Gates being briefed at Camp Eggers in Kabul during a tour of Afghanistan last December. Photo credit: Lynsey Addario for TIME
Robert Gates is the only US Secretary of Defense to be invited to stay on by a rival administration. A Cold War hawk appointed under George W Bush, he was asked by Obama to continue the fight in Afghanistan. A diminutive 66 year old Kansan and skillful political player, Gates is the only Republican in the Democrat’s national security team.
TIME has called the online version of this profile What is Robert Gates Really Fighting For? and the nub of the piece is the question writer Elizabeth Rubin delivers right at the end. “Is there a Gates vision or doctrine?” she asks. Or – as an aid paraphrases – is he merely a chameleon who lacks strong vision?
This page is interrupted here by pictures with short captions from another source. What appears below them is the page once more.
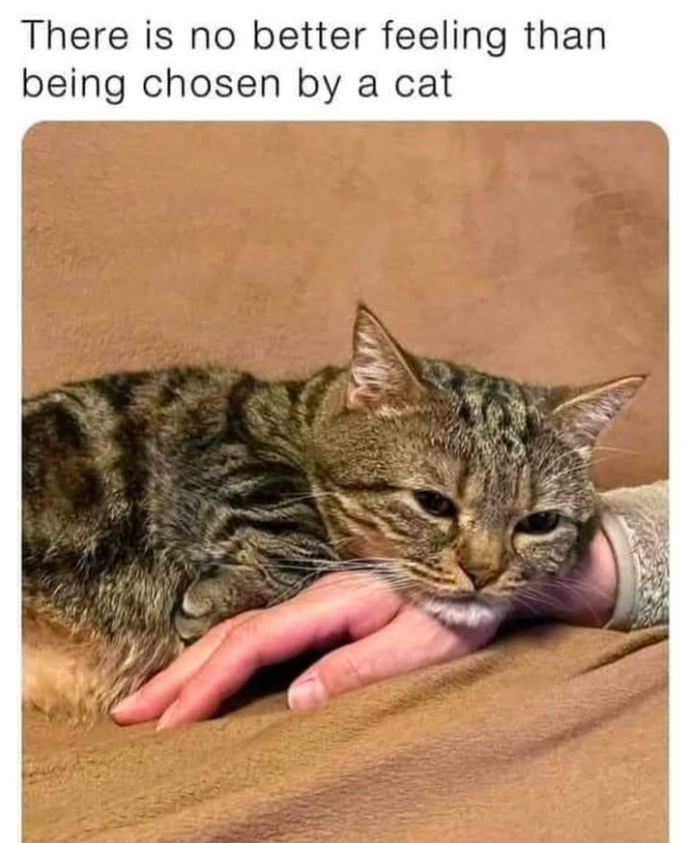 There is no better feeling than being chosen by a cat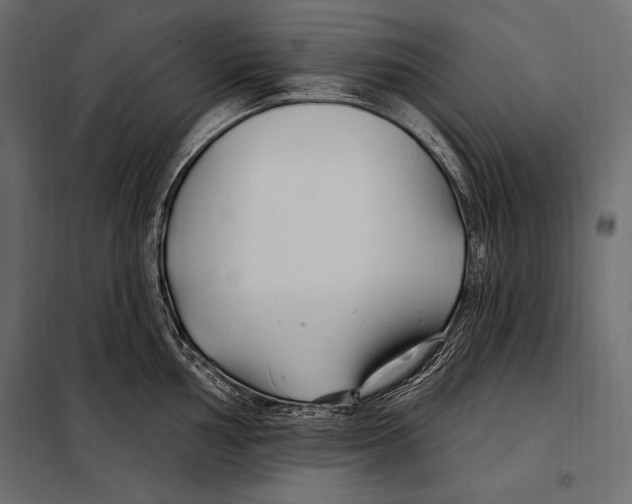 X0000098031002200804251410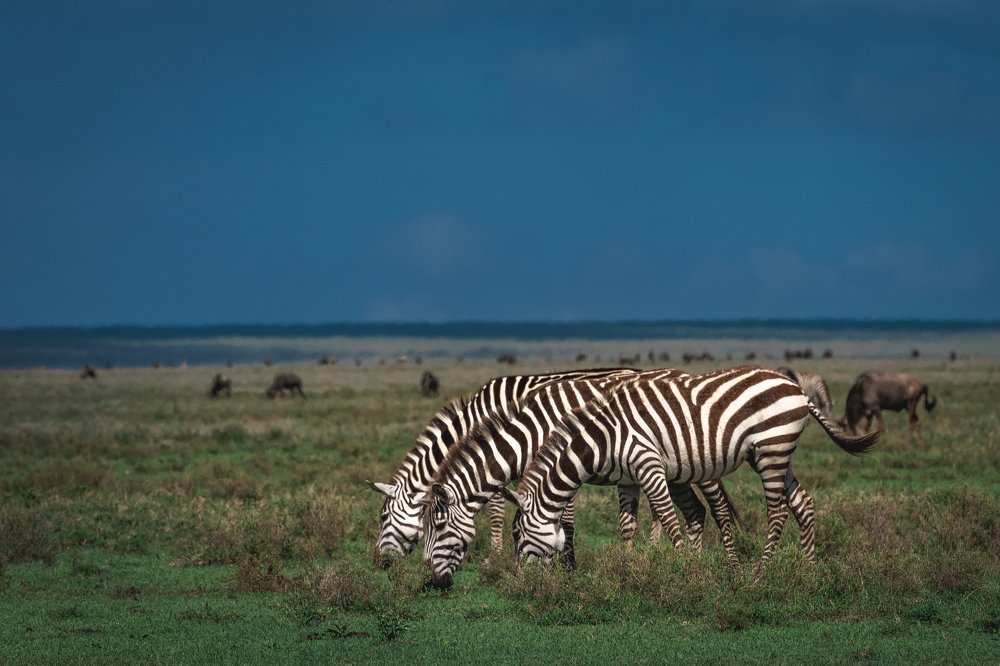 Конь-горыныч/Horse-gorynych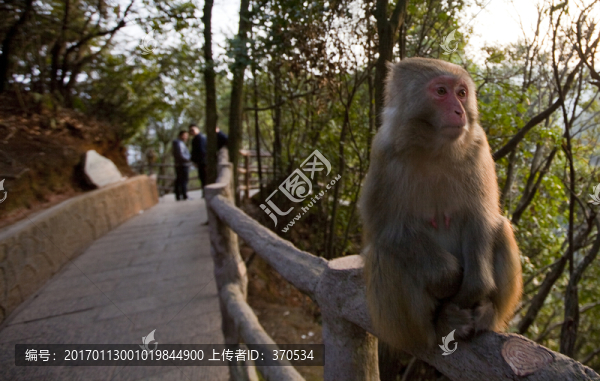 張家界,武陵源,著名景點(diǎn),猴子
The piece acknowledges Gates’ many mistakes (most notably his attitude towards the Soviets in Afghanistan and his arming of the mujahedin) and White House staffers’ unease at the extent of his power within the administration. It also contains pages of description of Gates’ pragmatism, his common sense approach to fixing the army’s many ills and his grown up attitude towards relations with the Defense Department’s greatest enemy, the State Department.
So when he delivers his answer, I found it a good deal more alarming than his interviewer appears to. “I am very much an American exceptionalist [pause] and I believe that we are, as a country, the greatest force for good in the history of the world.” Blimey.
Gates’ ambition and intensity didn’t always endear him to his colleagues, who say he has mellowed with age. “He was on the make when I knew him. He’s made it now,” says one. In 1987, after then CIA director William Casey retired, Reagan nominated Gates to become director of central intelligence. It was the midst of the Iran-contra hearings, however, and there was little hope of a quick confirmation. After four weeks, Gates withdrew his nomination. He recalls going back to his job as deputy and wanting to hide from his colleagues, then getting a call that his father died. Gates was convinced that watching him go through those hearings and investigations was too much for his father’s weak heart. The shock and the stress of those six months was too much for Gates as well. He shut the door to his office and wept.